Former HMRC Executive Chair joins McKinsey as tax strategy advisor
Former HMRC Executive Chair Sir Edward Troup has become an external consultant for the global management consultancy firm to advise on tax strategy and policy, having been cleared by the Advisory Committee on Business Appointments under certain conditions. Troup last worked for the UK Government in January 2018, and despite fears of conflicting interests, ACOBA has cleared the professional to return to the private sector.
With a raft of changes to tax legislation looking set to hit companies across the world, there is a growing demand for consultants to help clients navigate the shifting landscape. In particular, businesses in the UK face a radical shake-up after March 2019, when the UK leaves the European Union. In this environment, McKinsey & Company has boosted its UK tax strategy offering with a high profile addition.
Sir Edward Troup, who was knighted in the 2018 New Year Honours list, is a British tax lawyer, and was a civil servant at HM Treasury and then HM Revenue & Customs. Troup has long been a fierce critic of taxation, and has expressed the opinion that "tax avoidance is not a moral issue" while describing tax itself as "legalised extortion". According to The Guardian in April 2016, "Troup ... built a career advising corporations on how to reduce their tax bills", and during a career spanning three decades, Troup spent two periods as a Tax Partner at the law firm Simmons & Simmons, from 1985 to 1995 and from 1997 to 2004, between which he was a special adviser to Kenneth Clarke as Chancellor of the Exchequer.
In 2004, he joined HM Treasury, before becoming Executive Chair and First Permanent Secretary of the HM Revenue and Customs (HMRC) in April 2016. HMRC is a non-ministerial department of the UK Government responsible for the collection of taxes, the payment of some forms of state support and the administration of other regulatory regimes including the national minimum wage. Troup announced his retirement from that engagement in December 2017.
Since his latest appointment with McKinsey, ministerial jobs watchdog the Advisory Committee on Business Appointments (ACOBA) has said that there are “some risks under the government’s business appointment rules” with Troup’s new role at McKinsey. One concern is that the appointment could be seen as a reward for decisions made in office, particularly as HMRC paid McKinsey £680,000 to help design a Brexit customs arrangement.

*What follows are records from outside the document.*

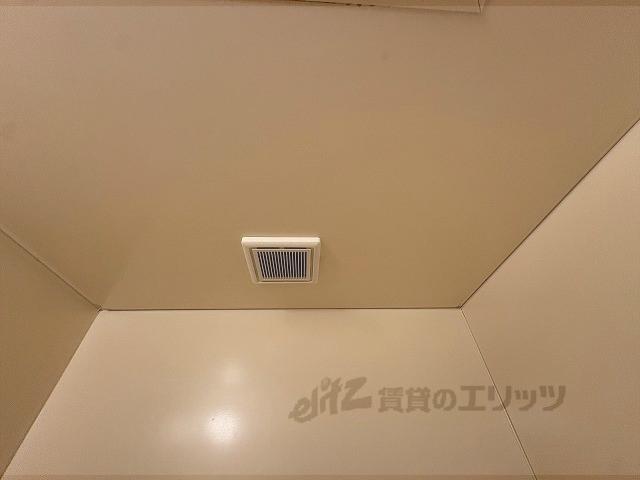 ドエルツクマ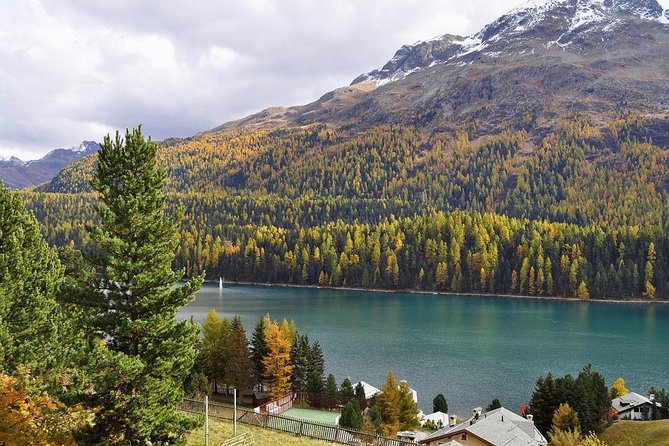 From Lake Como or Milan: Bernina Red Train Tour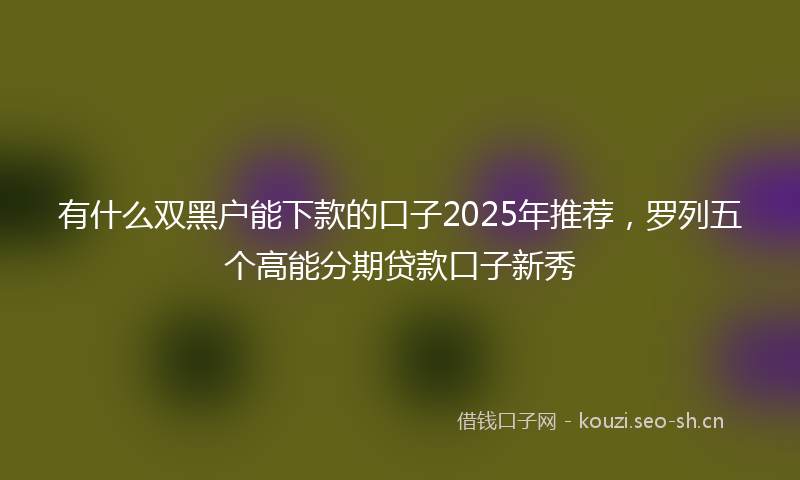 有什么双黑户能下款的口子2025年推荐，罗列五个高能分期贷款口子新秀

However, while Troup had some official contact with McKinsey while at HMRC, he was not involved with McKinsey regarding any paid advice that the business provided to HMRC. Therefore, the committee concluded that Troup’s new role was not a reward for decisions made while in office.

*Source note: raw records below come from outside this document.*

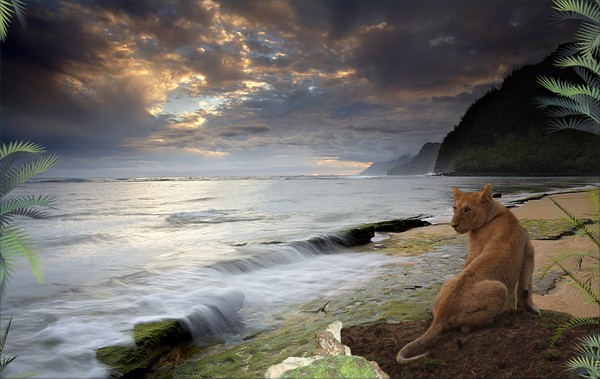 1137-Coastal Benin Sunrise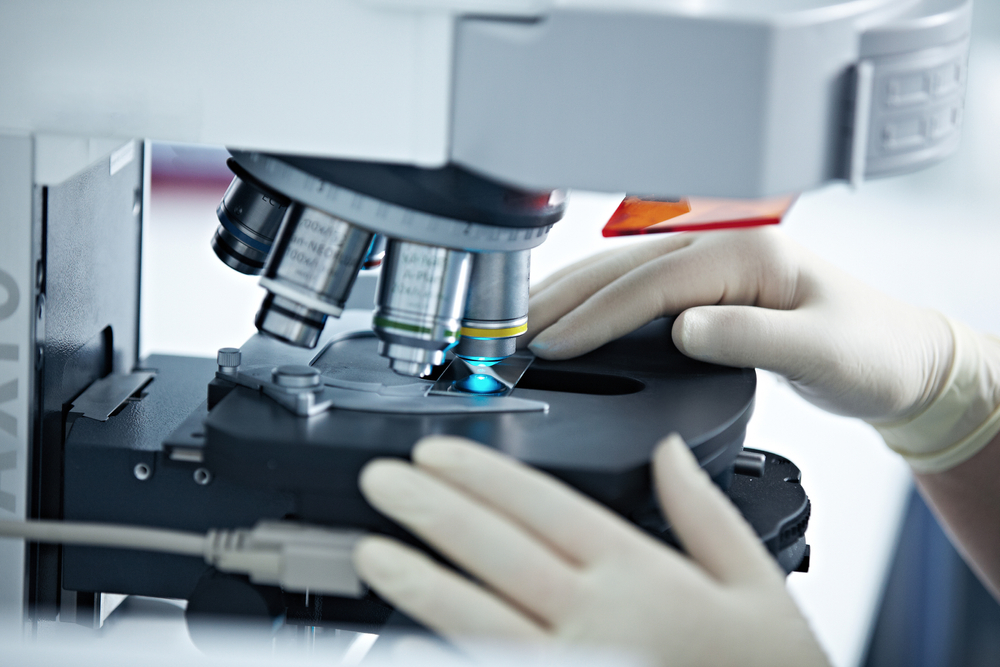 Így mutálódhat a brazil variáns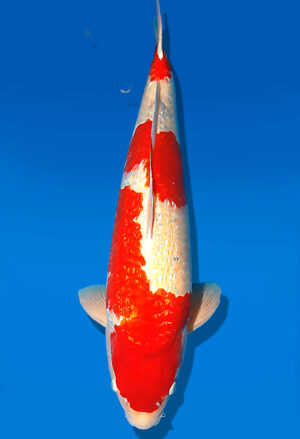 Koi Auktion Dainichi Kohaku Sansai XGinrinKohaku male 67cm T15-1996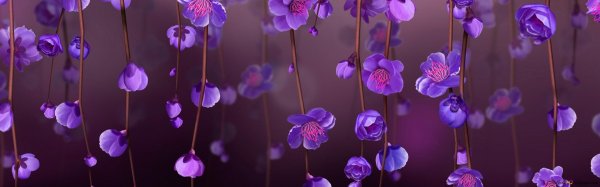 фиолетовые цветочки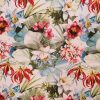Bumbac, jacquard elastic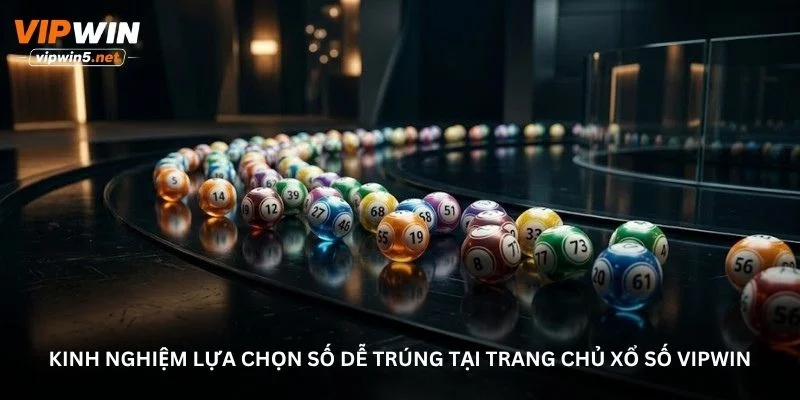 Xổ số VIPWIN – Những lựa chọn thú vị dành cho người thích Xổ số VIPWIN – Những lựa chọn thú vị dành cho người thích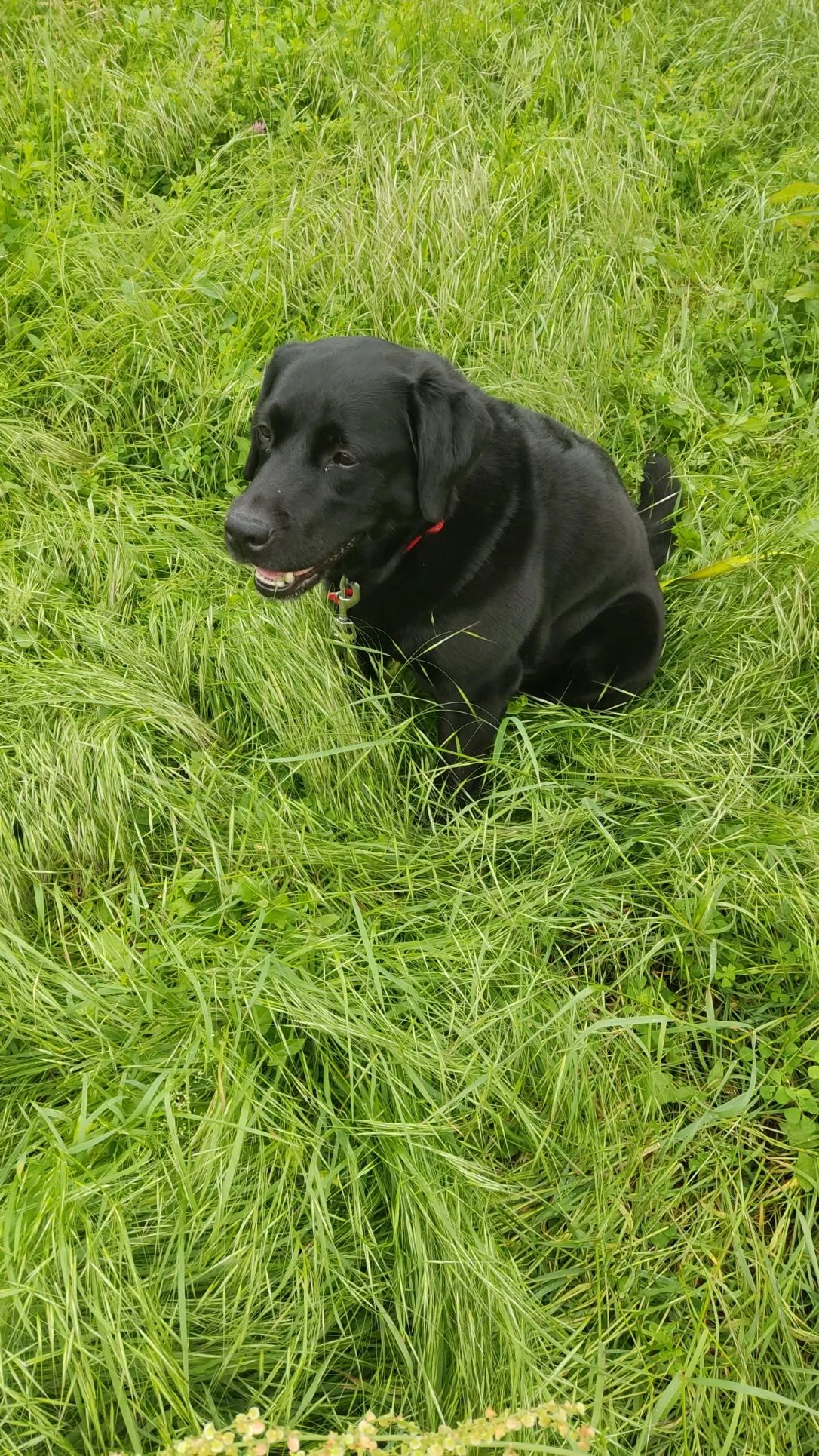 image-6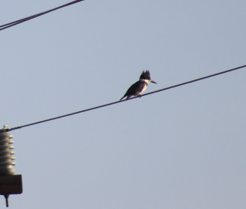 Belted Kingfisher - ML646698673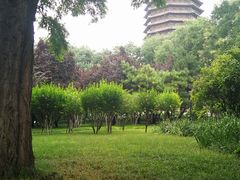 -玲珑塔公园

On top of this, HMRC contacted the Big Four, McKinsey’s key competitors, regarding Troup’s appointment but “no objections or issues were raised”. As a result, the committee permitted Troup to retain his position with McKinsey, as long as he meets with a list of criteria for two years from his last day in Crown service. These include not drawing on any privileged information available to him from his time in Crown office and not advising EU tax administrations where that advice would be directly relevant to Brexit-related issues, or working on UK tax affairs, among other factors.

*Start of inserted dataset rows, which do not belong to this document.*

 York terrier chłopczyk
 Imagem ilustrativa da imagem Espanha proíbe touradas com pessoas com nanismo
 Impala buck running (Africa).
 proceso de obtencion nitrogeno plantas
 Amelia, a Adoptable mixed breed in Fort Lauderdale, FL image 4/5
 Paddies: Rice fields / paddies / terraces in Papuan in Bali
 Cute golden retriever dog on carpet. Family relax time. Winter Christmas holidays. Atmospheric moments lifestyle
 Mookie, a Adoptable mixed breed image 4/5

McKinsey similarly had to seek clearance for the hiring of former Cabinet Minister Ben Gummer, after the unseated ex-Ipswich MP was contracted as a Senior Adviser for McKinsey & Company for six months on a research project into governmental transformation. ACOBA said that “the risk that this appointment could unfairly advantage McKinsey is low”, as Gummer’s role was confined to a discrete project.
ACOBA was recently branded “toothless” by the Public Administration and Constitutional Affairs Committee in the wake of a meteoric rise in the number of former ministers being appointed to industry roles. The leap of 60% from the previous year has broadly been attributed to the regulatory body being inconsistent in its application of rules to prevent conflicts of interest.